Sure it does: you have to calculate the probability of your data given the hypothesis. Doing that requires considering all possible outcomes of the hypothesis and their relative likelihood, not just the one you actually observed.

> If your prior was that a fraction p of the children would be boys, the odds of the observed outcome would be p^6 (1-p).*

The prior would not actually be a single value for p; it would be a distribution for p over the range (0, 1). The distribution I described was a narrowly peaked Gaussian around p = 0.5, though, as you point out, that might not be the correct value for the peak (see below).

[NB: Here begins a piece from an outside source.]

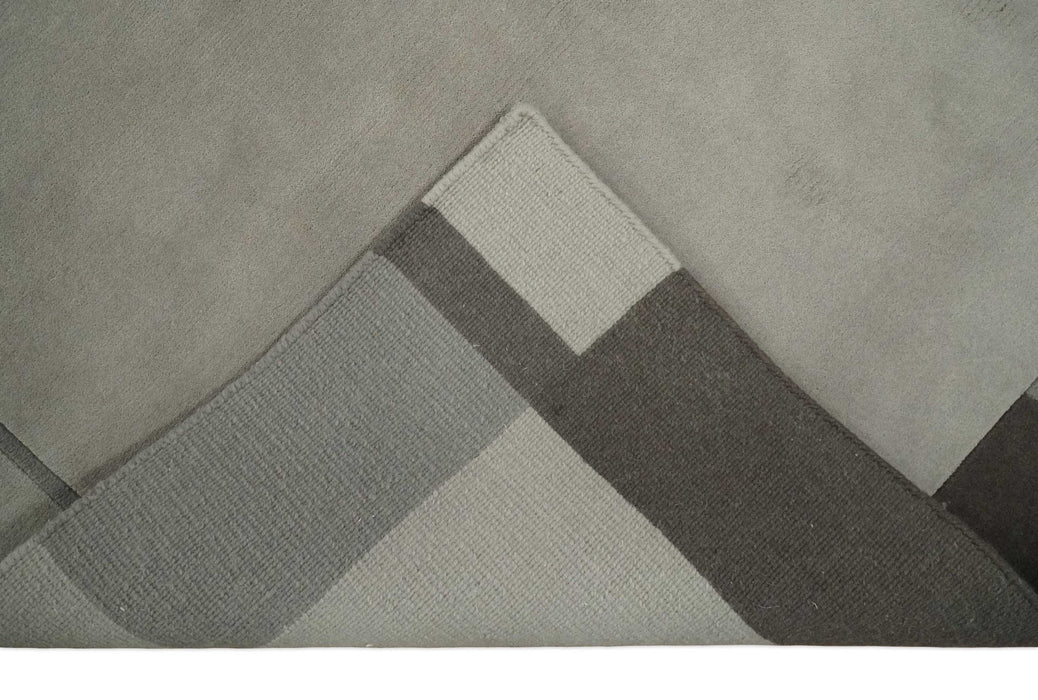 Modern Scandinavian 6x8 Silver and Gray Wool Hand Woven Area Rug | HL8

However, for illustration purposes, it is much easier to talk about the (idealized, unrealistic) case where your prior is in fact a single point value for p.

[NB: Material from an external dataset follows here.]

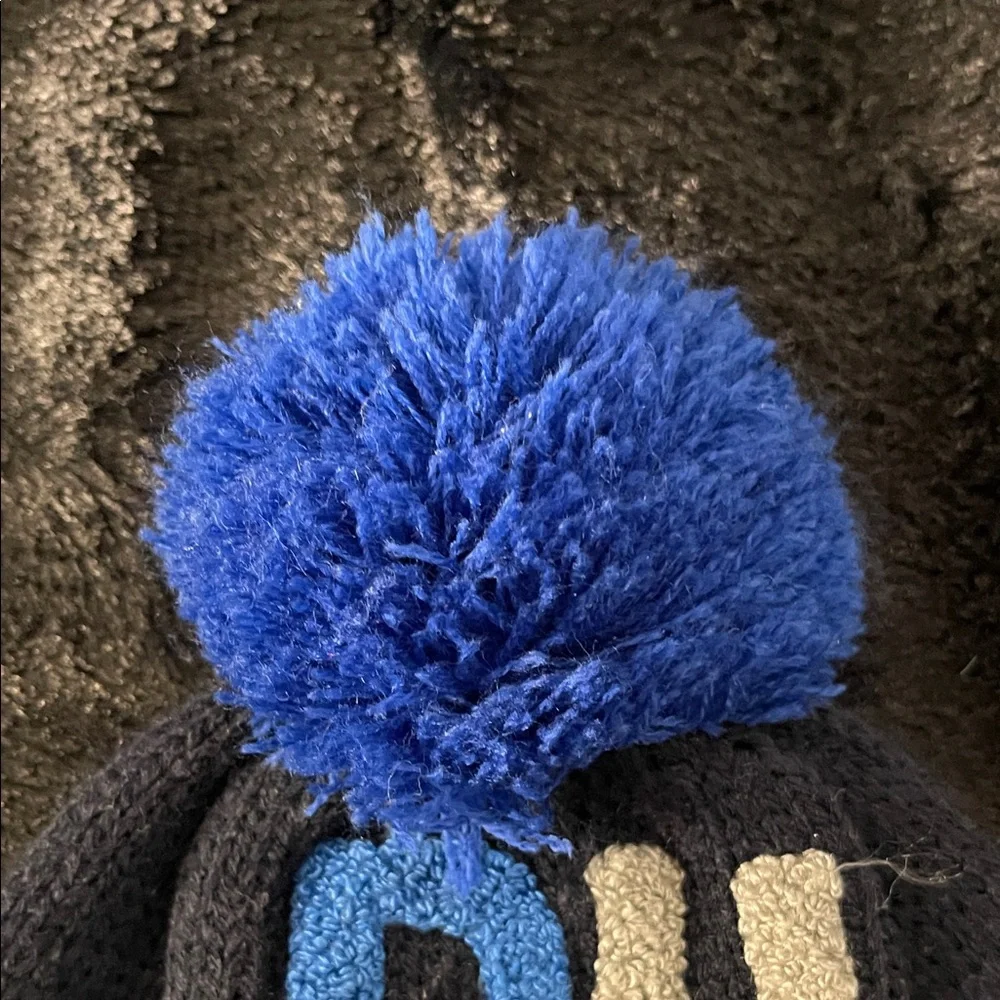 Wonderkids Blue and Black Pom-Pom Hat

However, in order to calculate the odds of the observed outcome, as I said above, you don't just need to know the prior for p. You need to know the process by which the outcomes are generated, according to the hypothesis. The odds you give assume that that process is "bear seven children, regardless of their gender". But that is not the correct process for the actual decision procedure you describe your aunt and uncle as using. That process won't necessarily result in seven children, and the odds of the actually observed outcome will change accordingly.

> a Bayesian with access to actual population data would be aware, as you aren't, that globally we average 1.07 boys to each girl at birth

Depends on whose data you look at and over what time period. But I agree that the best prior to use in a given case would be whatever distribution you get from the data you already have, and yes, that might not be peaked exactly at 50-50.

"globally we average 1.07 boys to each girl at birth. Therefore most couples, likely including my aunt and uncle, were probably biased towards having boys."

Specifically, Chinese boys.

Specifically, Chinese boys.

You have a point.

US statistics are 1.05 boys to each girl at birth. And that figure has been fairly stable for decades.

Which means that my point remains. Most couples are biased towards boys over girls.

> Most couples are biased towards boys over girls.

Yes, but the Bayesian argument shows that you can't infer that from your one sample. You only know that there is a bias towards boys because you have the global data that allows you to adjust the Bayesian prior to be peaked around the actual observed ratio instead of around 0.5. The Bayesian prior is still a much better prediction for any other case not yet observed than any value different from the prior that you might calculate from the data from just your aunt and uncle.